Essa attraversa le culture, le epoche, i luoghi, è presente da sempre e forse sarà sempre presente.

Presuppone un rapporto almeno fra due persone una che parla e una che ascolta o, se si tratta di più persone, di un pubblico.

In passato, la narrazione è stata lo strumento principale della costruzione e trasmissione del sapere.

La tradizione orale comprende varie forme, quali narrazioni, miti, canti leggende, favole ed è un elemento presente in ogni popolo e in ogni cultura.

Nell’antica Grecia i versi dell’Iliade e dell’Odissea di Omero non erano letti, ma recitati da veri professionisti della parola gli aedi, i quali si esibivano durante le feste religiose e le celebrazioni pubbliche. Presso i Celti il bardo era considerato un antico poeta, appositamente istruito per conservare la memoria del popolo. Nel Medioevo i menestrelli erano intrattenitori ambulanti, cantastorie che si spostavano di città in città raccontando una favola, una storia, aiutandosi anche con il canto.

Secondo lo psicologo statunitense Jerome Bruner, «la narrazione è il mezzo creato dalla mente umana per in inquadrare gli eventi della realtà e spiegarli in modo logico». Attraverso il racconto di storie noi conosciamo la realtà che ci circonda, ovvero cerchiamo di “mettere ordine” e dare un senso alle nostre caotiche esperienze quotidiane.
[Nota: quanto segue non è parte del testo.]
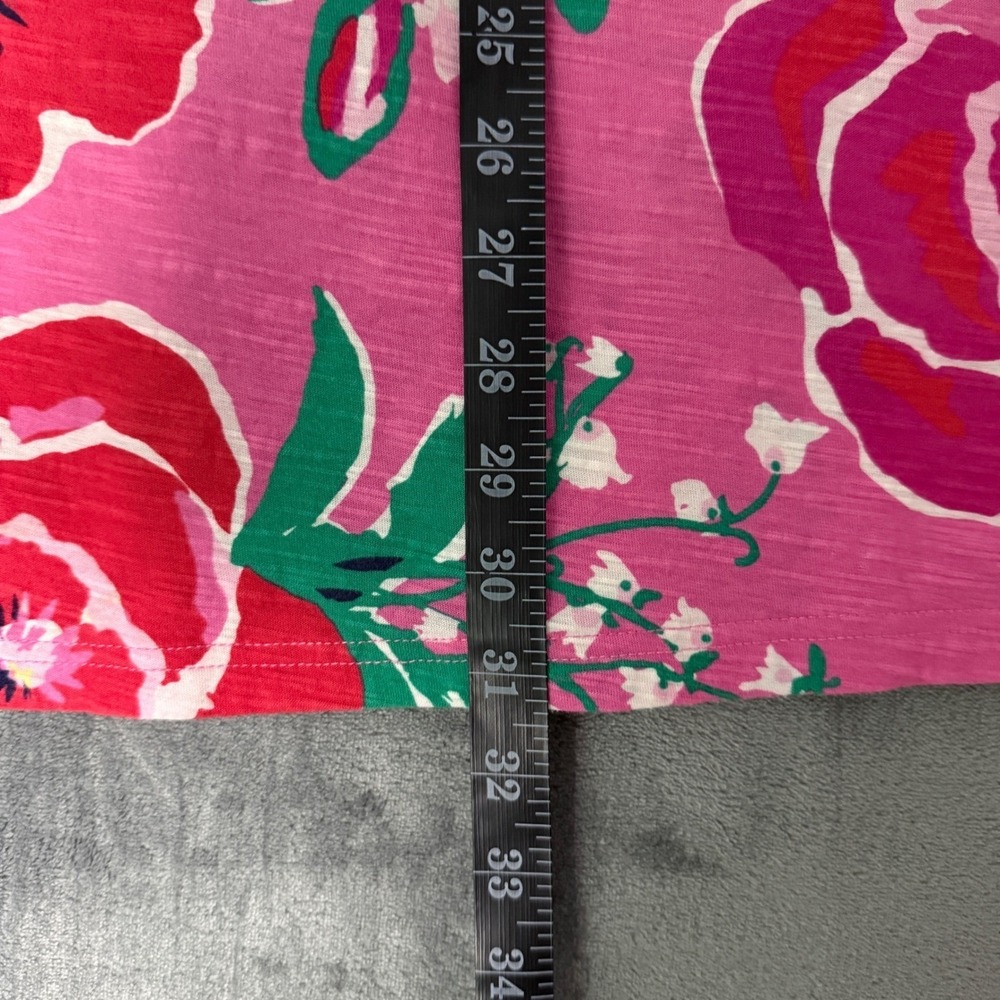 Lilly Pulitzer Somerset Dress Small Pink Floral A Thing Called Love Cotton Shift - Picture 4 of 5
Nella società postmoderna, caratterizzata da numerose e diverse forme di comunicazione, sembra invece ci sia una crisi dei grandi racconti, quasi che l’uomo sia stato privato della facoltà di scambiarsi esperienze.

Scriveva Italo Calvino: «Oggi mi sembra che al mondo esistano soltanto storie che restano in sospeso e si perdono per la strada».

L’uomo moderno ha quindi “fame” di narrazione.